Parameters of the experiments
- Read operations performed by clients. Single table/object is read
over and over.
- Cluster used - cluster hardware info is at Cluster+Configuration
rc02 - server (master)
rc03 - client (queen)
rc04-31 - client (worker) - multiple if required.
- Call strack in code being measured
InfRcTransport<Infiniband>::ServerRpc::sendReply()
InfRcTransport<Infiniband>::getTransmitBuffer()
infiniband->pollCompletionQueue(commonTxCq,
MAX_TX_QUEUE_DEPTH,
retArray);
|
Results/Graphs
Reference Graph - Throughput of the system for 100 byte object
reads using different Transmit Buffer Pool sizes
Analysis of throughput curves.
- Summary - throughput drops to 50% under high load.
- The throughput of the system is measured here against increasing
load. The load is in terms of read operations on 100 byte objects.
- We notice that the throughput of the system drops by a factor of 2
for high loads. This is observed even though we are nowhere near the
network limits at this point. The measured outgoing throughput is
390217 ops/sec or 39M bytes/sec or 310M bits/sec which is well under
the expected 32Gbps limit.
- The red, blue and green lines were measured with 24 RX buffers and
8, 32 and 64 TX buffers respectively.
- The violet line was measured with 48 RX buffers and 8 TX
buffers. Notice that adding buffers to the pool on the receive side
allows the trasmit side to see a higher throughput - I do not
understand the reasons for this.
- A set of further measurements are taken during the same experiment
and plotted on different graphs to aid understanding.
Latency Graph - Time spent in pollCQ per read (average) across
different Transmit Buffer Pool sizes
Analysis
- Summary - pollCompletionQueue() (and hence getTransmitBuffer()) take
longer to run with increasing load. Note that pollCompletionQueue()
would be called multiple times until a succesful return - an empty
buffer from the pool.
- Red/Blue lines represent 24 RX buffers and 8 TX buffers
- Green/Violet lines represent 24 RX buffers and 32 TX buffers
- Orange/Pink lines represent 24 RX buffers and 64 TX buffers
- This a plot of measurements of time taken by the different functions
during the experiments.
- Total time spent in pollCQ was tracked and then divided by the
number of read calls to calculate the average.
- This tracks the curve of time spent within the getTransmitBuffer
call well. The difference between the two needs to be explained.
Latency Graph - Time spent in pollCQ per read (average) - fixed
pool of buffers - comparing time taken by successful calls against
calls that return 0
Analysis
- Summary - pollCompletionQueue() (and hence getTransmitBuffer()) take
longer to run with increasing load. Note that pollCompletionQueue()

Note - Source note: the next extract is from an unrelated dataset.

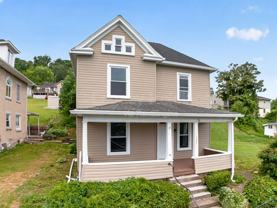 1527 Farland Ave - Photo 1 of 1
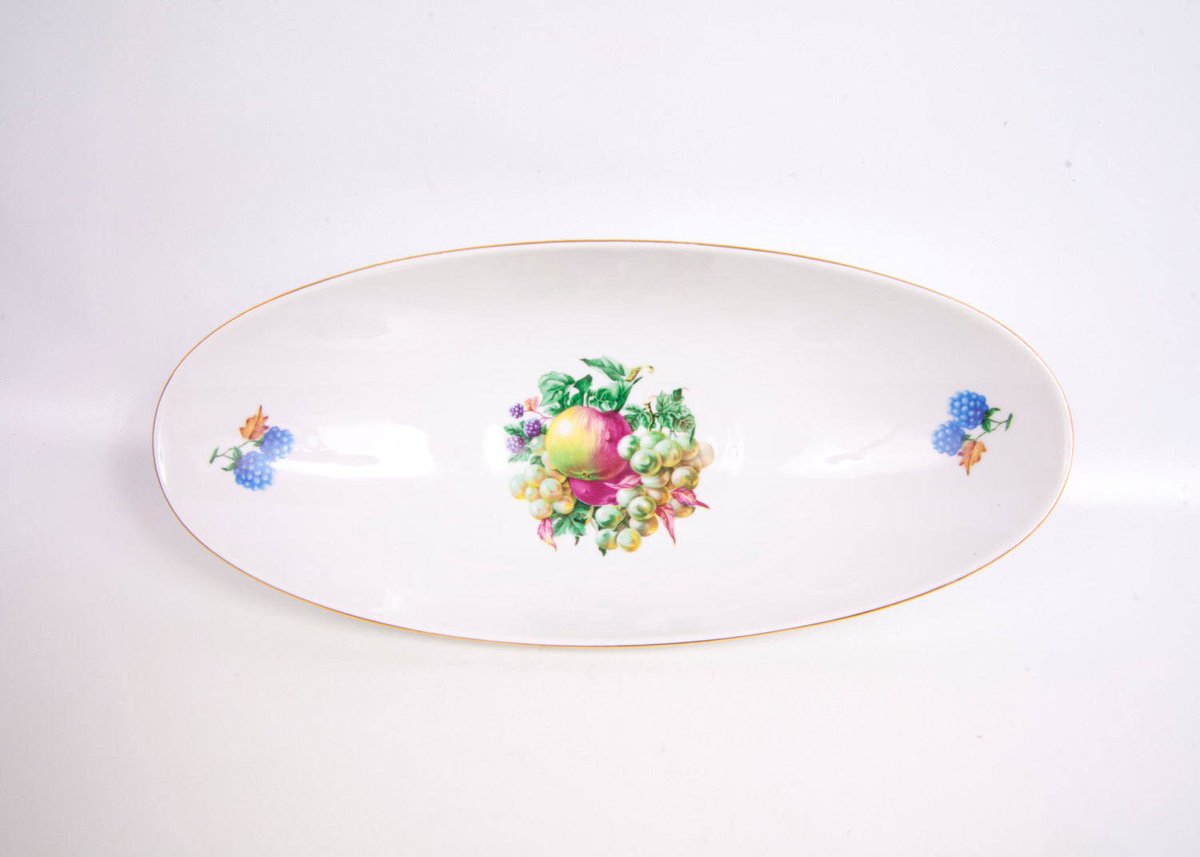vintagegalleria's tweet photo. Excited to share the latest addition to my #etsy shop: Vintage Naaman Israel Large Oblong Fruit Bowl | 13 Inch Porcelain Centerpiece | Fruit Design https://t.co/H6xCPDVsqE #fruitdesign #servingdish #footedconsole #oblongservingdish #fruitbowl #longservingdish #largeser https://t.co/z2bMYA3woP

would be called multiple times until a succesful return - an empty
buffer from the pool.
- Red/Blue lines represent 24 RX buffers and 8 TX buffers
- Green/Violet lines represent 24 RX buffers and 32 TX buffers
- Orange/Pink lines represent 24 RX buffers and 64 TX buffers
- This a plot of measurements of time taken by the different functions
during the experiments.
- Total time spent in pollCQ was tracked and then divided by the
number of read calls to calculate the average.
- This tracks the curve of time spent within the getTransmitBuffer
call well. The difference between the two needs to be explained.
Latency Graph - Time spent in pollCQ per read (average) - fixed
pool of buffers - comparing time taken by successful calls against
calls that return 0
Analysis
- This is the same latency curve as above restricted to the case where
the size of the buffer pool for TX buffers is 8.
- The Red line represents avg time taken by the getTransmitBuffer() call.
- The Blue line represents avg time taken across all the calls to
pollCompletionQueue()
- The Green line represents the average time taken by calls to
pollCompletionQueue() calls that returned zero empty buffers.
- The Violet line represents the average time taken by calls to
pollCompletionQueue() calls that returned non-zero empty buffers.
- Note that time taken per successful call increased slightly with
load. Number of calls however increased with load resulting in overall
time taken by getTransmitBuffer() increasing.
Latency Graph - Average number of buffers returned by pollCQ
across different Buffer Pool sizes
Analysis
- The red, blue and green lines were measured with 24 RX buffers and
8, 32 and 64 TX buffers respectively.
- The violet line was measured with 48 RX buffers and 8 TX buffers.
- An interesting trend that appears to be independent of number of
buffers in the pool. There is a drop in the average at the same load
irrespective of buffer-pool.
- Why does doubling the number of receive buffers affect the number of
empty transmit buffers returned ? Compare Red against Violet.